» **TASK DIRECTIONS**: Please copy every line of the records below that holds the word "POOJA".

» **RECORDED INFORMATION**:
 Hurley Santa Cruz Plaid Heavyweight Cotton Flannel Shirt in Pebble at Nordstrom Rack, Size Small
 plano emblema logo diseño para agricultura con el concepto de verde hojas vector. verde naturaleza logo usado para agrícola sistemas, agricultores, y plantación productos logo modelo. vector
==
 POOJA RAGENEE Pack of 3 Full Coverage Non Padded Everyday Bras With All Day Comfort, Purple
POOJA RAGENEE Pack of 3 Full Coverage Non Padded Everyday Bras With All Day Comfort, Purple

» **RESPONSE AREA**:
 POOJA RAGENEE Pack of 3 Full Coverage Non Padded Everyday Bras With All Day Comfort, Purple
POOJA RAGENEE Pack of 3 Full Coverage Non Padded Everyday Bras With All Day Comfort, Purple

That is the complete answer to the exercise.